Section 2, Fourth, of the 1934 amendments insured to railroad employees the right to organize their own unions and the right of a majority of any craft or class of employees to select the representative of that craft or class. Section 2, Ninth, authorized the newly created National Mediation Board to hold representation elections and to certify the representative with which the carrier must deal. Section 2, Fourth, provided that the employees shall have the right to bargain collectively through representatives of their own choosing. On numerous occasions, this Court has recognized that the Railway Labor Act protects and promotes collective bargaining. Virginian R. Co. v. System Federation No. 40, 300 U.S. 515, 548—549, 553, 57 S.Ct. 592, 599 600, 602, 81 L.Ed. 789; Switchmen's Union of North America v. National Mediation Board, 320 U.S. 297, 300, 302, 64 S.Ct. 95, 97, 88 L.Ed. 61; Order of Railroad Telegraphers v. Railway Express Agency, Inc., 321 U.S. 342, 346—347, 64 S.Ct. 582, 585, 88 L.Ed. 788; Steele v.

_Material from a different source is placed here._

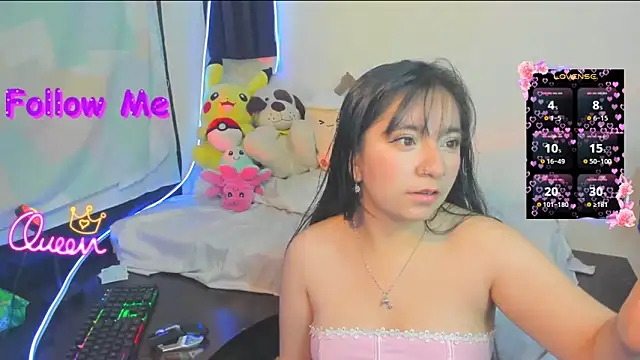 Snapshot of litle_mily_ chatting on 03.31.26 litle mily online show from 03.31.26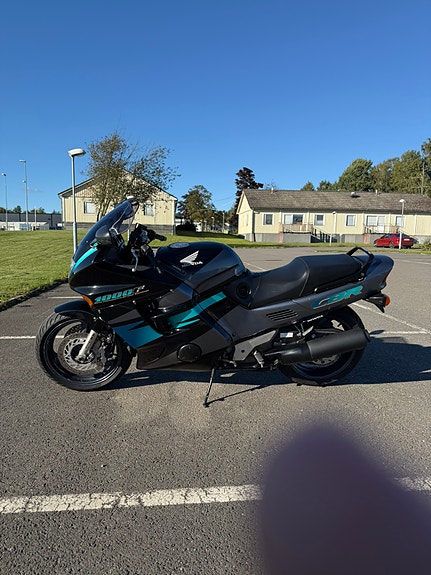 Honda CBR 1000F 5 of 5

Louisville & N.R. Co., 323 U.S. 192, 202, 65 S.Ct. 226, 232, 89 L.Ed. 173; Railway Employes' Dept. v. Hanson, 351 U.S. 225, 233, 235, 76 S.Ct. 714, 718, 719, 100 L.Ed. 1112.6

If the Railway Labor Act applies to the Belt Railroad, then the carrier's employees can invoke its machinery established for adjustment of labor controversies, and the National Railway Adjustment Board has jurisdiction over respondents' claims. Moreover, the Act's policy of protecting collective bargaining comes into conflict with the rule of California law that state employees have no right to bargain collectively with the State concerning terms and conditions of employment which are fixed by the State's civil service laws. 7 This state civil service relationship is the antithesis of that established by collectively bargained contracts throughout the railroad industry. '(E)ffective collective bargaining has been generally conceded to include the right of the representatives of the unit to be consulted and to bargain about the exceptional as well as the routine rates, rules, and working conditions.' Order of Railroad Telegraphers v. Railway Express Agency, Inc., supra, 321 U.S. at page 347, 64 S.Ct. at page 585. If the Federal Act applies to the Belt Railroad, then the policy of the State must give way.8

'* * * a State may not prohibit the exercise of rights which the federal Acts protect. Thus, in Hill v. State of Florida, 325 U.S. 538, 65 S.Ct. 1373, 1375, 89 L.Ed. 1782, the State enjoined a labor union from functioning until it had complied with certain statutory requirements. The injunction was invalidated on the ground that the Wagner Act included a 'federally established right to collective bargaining' with which the injunction conflicted.' Weber v. Anheuser-Busch, Inc., 348 U.S. 468, 474, 75 S.Ct. 480, 484, 99 L.Ed. 546.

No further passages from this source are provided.